Jennifer Simpson Carr: I’m excited because your book is described as providing practical strategies and new frameworks for leading with authenticity and self-mastery, which really spoke to me.
Joel Davis Brown: A lot of the skills that I think leaders need to embody are things that I frankly did not see, particularly when I practiced. It was my experience in law firms in the legal field that inspired me to start my firm and to think about how we could build a new generation of leaders and also build more heart-centered and people-centered organizations.

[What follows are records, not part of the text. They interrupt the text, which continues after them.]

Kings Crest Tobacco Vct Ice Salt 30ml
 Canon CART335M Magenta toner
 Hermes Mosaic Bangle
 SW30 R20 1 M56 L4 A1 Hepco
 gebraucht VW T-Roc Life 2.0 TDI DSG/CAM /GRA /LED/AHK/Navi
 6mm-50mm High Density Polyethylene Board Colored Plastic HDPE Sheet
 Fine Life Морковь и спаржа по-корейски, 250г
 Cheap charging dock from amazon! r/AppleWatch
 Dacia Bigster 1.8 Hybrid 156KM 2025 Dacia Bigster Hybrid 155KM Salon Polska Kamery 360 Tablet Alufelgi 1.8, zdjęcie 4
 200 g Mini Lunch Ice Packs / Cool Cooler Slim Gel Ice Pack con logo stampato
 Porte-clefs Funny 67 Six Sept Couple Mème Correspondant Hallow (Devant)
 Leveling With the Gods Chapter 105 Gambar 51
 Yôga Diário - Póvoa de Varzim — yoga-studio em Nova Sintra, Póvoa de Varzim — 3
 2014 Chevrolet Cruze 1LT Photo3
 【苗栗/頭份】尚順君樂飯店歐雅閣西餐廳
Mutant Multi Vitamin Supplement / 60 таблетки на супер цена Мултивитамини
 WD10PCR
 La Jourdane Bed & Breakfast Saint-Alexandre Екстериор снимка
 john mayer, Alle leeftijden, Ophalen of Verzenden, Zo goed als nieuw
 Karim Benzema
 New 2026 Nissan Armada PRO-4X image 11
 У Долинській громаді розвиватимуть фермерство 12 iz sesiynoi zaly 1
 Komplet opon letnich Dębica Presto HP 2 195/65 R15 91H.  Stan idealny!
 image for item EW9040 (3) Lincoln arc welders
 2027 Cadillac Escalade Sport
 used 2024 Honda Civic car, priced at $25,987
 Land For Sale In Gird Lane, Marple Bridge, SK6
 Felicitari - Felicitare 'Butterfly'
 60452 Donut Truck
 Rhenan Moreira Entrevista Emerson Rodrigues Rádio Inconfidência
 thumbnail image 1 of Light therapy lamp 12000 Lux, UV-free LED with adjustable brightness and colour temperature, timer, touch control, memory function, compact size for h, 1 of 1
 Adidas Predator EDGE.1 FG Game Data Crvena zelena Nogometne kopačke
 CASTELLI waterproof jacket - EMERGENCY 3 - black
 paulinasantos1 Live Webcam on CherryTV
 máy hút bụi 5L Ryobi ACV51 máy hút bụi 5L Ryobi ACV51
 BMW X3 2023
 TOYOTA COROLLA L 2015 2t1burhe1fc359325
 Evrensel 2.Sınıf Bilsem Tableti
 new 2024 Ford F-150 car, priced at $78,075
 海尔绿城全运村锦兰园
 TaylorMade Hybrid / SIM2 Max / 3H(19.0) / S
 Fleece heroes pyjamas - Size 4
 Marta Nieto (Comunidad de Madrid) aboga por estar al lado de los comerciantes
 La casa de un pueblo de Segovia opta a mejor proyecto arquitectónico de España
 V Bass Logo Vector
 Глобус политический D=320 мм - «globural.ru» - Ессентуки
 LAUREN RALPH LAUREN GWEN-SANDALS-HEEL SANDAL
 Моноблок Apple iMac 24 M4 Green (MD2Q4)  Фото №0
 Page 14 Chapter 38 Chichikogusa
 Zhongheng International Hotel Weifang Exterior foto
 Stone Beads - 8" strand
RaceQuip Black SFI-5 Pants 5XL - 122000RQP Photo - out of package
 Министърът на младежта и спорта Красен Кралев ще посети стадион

Jennifer Simpson Carr: On our team, transparency and integrity are highly valued. We have seen firsthand through the leadership of our founder that leading with authenticity is not simply a leadership style; it’s an intentional practice that fosters trust, growth, and resilience of our team and our team members. I’m personally excited to speak with you today about leadership and, specifically for our listener base, organizational leadership, what that looks like, and lessons to be learned. Let’s start by laying a foundation around culture.
What defines culture and why does it matter?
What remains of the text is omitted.